The maximum minimum distances from circle 1 to circle 2 should all be pretty similar ~1. Conversely, for circle 2 to circle 1, the single outlier point has quite a large minimum distance to any point on circle 1, so the max minimum distance (directed Hausdorff distance) from circle 2 to circle 1 should be greater.


In [91]:
# let's see if this is the case
from scipy.spatial.distance import directed_hausdorff
d_c1_c2, index_c1, index_c2 = directed_hausdorff(circle_1_coords, circle_2_coords)
d_c2_c1, index_c2, index_c1 = directed_hausdorff(circle_2_coords, circle_1_coords)
print('directed Hausdorff distance C1 -> C2:', d_c1_c2)
print('directed Hausdorff distance C2 -> C1:', d_c2_c1)


directed Hausdorff distance C1 -> C2: 1.003829850210507
directed Hausdorff distance C2 -> C1: 2.0116136570973846

The indices that form the "Hausdorff pair" can be quite useful to identify for some applications (i.e., simulation work performed by the Beckstein lab at ASU). We'd expect the C2->C1 Hausdorff pair to involve the outlier and one of the "top points" on circle 1--let's verify this:


In [92]:
fig = plt.figure()
ax = fig.add_subplot(111)
for circle_name, circle_coords, pair_index in zip(['circle 1', 'circle 2'],
                                                  [circle_1_coords, circle_2_coords],
                                                  [index_c1, index_c2]):
    ax.scatter(circle_coords[...,0],
               circle_coords[...,1])

    ax.scatter(circle_coords[pair_index][0],
               circle_coords[pair_index][1],
               s=300,
               alpha=1.0,
               marker = 'x',
               c = 'k',
               label='Hausdorff Pair {circle}'.format(circle=circle_name))

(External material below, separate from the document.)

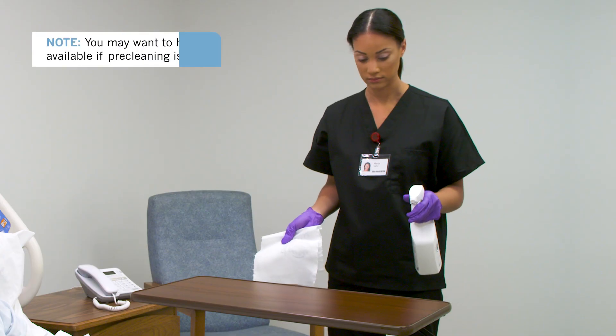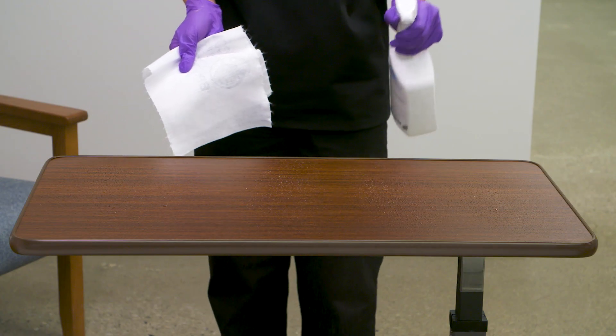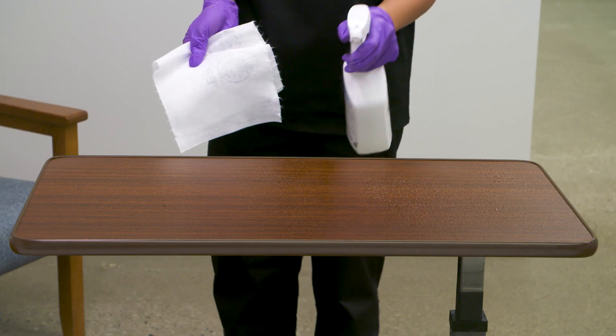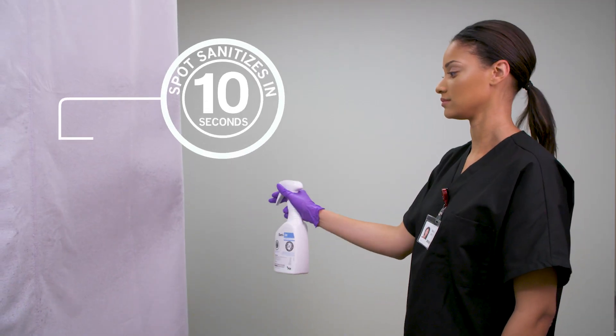For sanitizing on hard, non-porous surfaces, hold container 6 to 8 inches from the surface and spray until thoroughly wet. To spot sanitize soft surfaces, let stand for 10 seconds and allow to air dry.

ax.legend(bbox_to_anchor=[1.0, 1.0])
ax.set_aspect('equal')
ax.set_xlim(-3.5,3.5)
ax.set_ylim(-3.5,3.5)
fig.set_size_inches(8,8)


And finally the general Hausdorff distance is the max of the two directed distances:


In [93]:
general_Hausdorff_dist = max(d_c1_c2, d_c2_c1)
print('general Hausdorff distance:', general_Hausdorff_dist)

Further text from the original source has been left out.